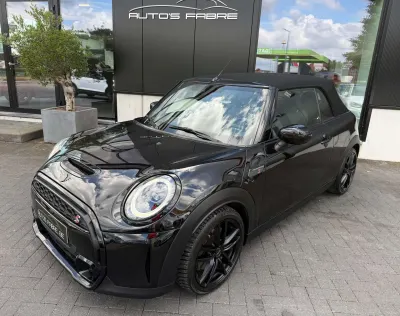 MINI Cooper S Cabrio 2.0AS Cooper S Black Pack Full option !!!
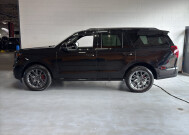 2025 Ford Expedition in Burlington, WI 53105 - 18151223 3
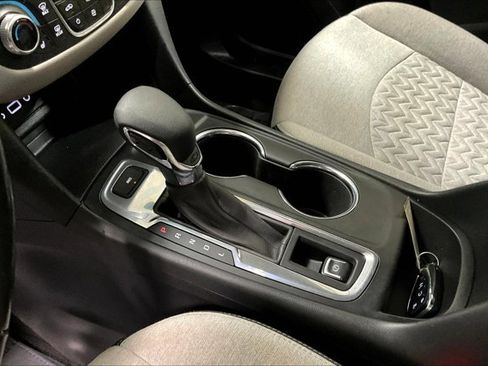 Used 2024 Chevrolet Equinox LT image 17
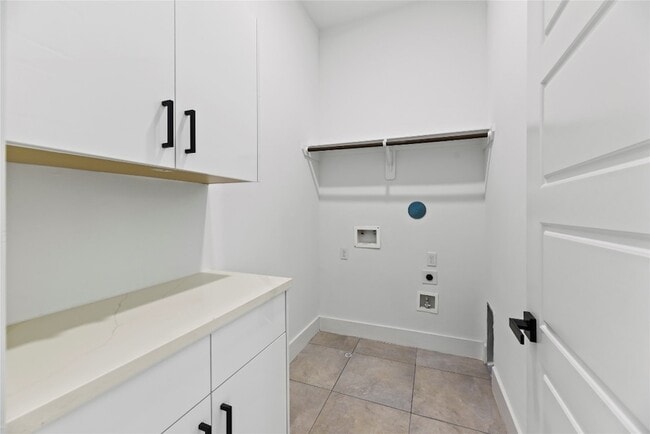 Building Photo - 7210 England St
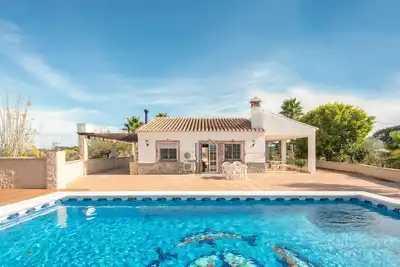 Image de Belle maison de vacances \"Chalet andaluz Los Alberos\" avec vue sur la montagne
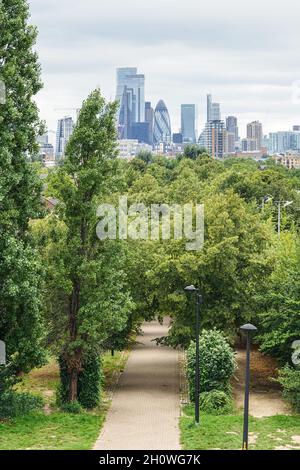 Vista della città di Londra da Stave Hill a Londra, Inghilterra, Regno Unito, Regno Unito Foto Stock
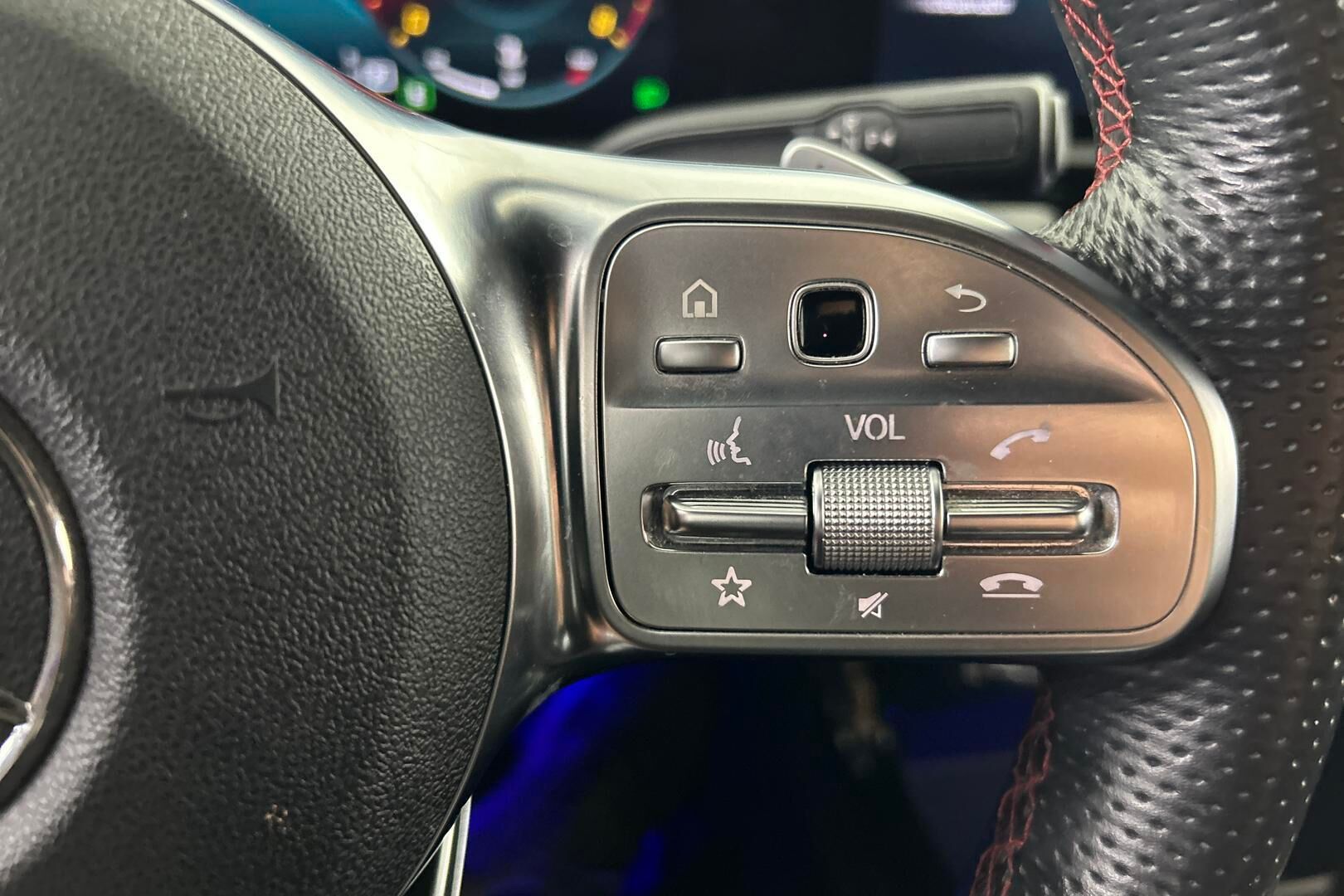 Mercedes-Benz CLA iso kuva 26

——————

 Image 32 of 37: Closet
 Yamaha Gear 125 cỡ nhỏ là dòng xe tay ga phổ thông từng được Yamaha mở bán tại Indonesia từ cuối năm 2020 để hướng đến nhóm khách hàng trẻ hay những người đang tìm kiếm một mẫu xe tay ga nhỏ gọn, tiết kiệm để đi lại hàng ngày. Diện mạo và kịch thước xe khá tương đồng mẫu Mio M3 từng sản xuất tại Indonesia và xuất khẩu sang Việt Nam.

——————

Work instruction ▸ With pictures excluded, reproduce exactly the lines above from the one containing "Used 2024 Chevrolet Equinox LT image 17" down to the one containing "Mercedes-Benz CLA iso kuva 26", those two included.

Solution for this exercise ▸
 Used 2024 Chevrolet Equinox LT image 17
 Building Photo - 7210 England St
 Image de Belle maison de vacances \"Chalet andaluz Los Alberos\" avec vue sur la montagne
 Vista della città di Londra da Stave Hill a Londra, Inghilterra, Regno Unito, Regno Unito Foto Stock
 Mercedes-Benz CLA iso kuva 26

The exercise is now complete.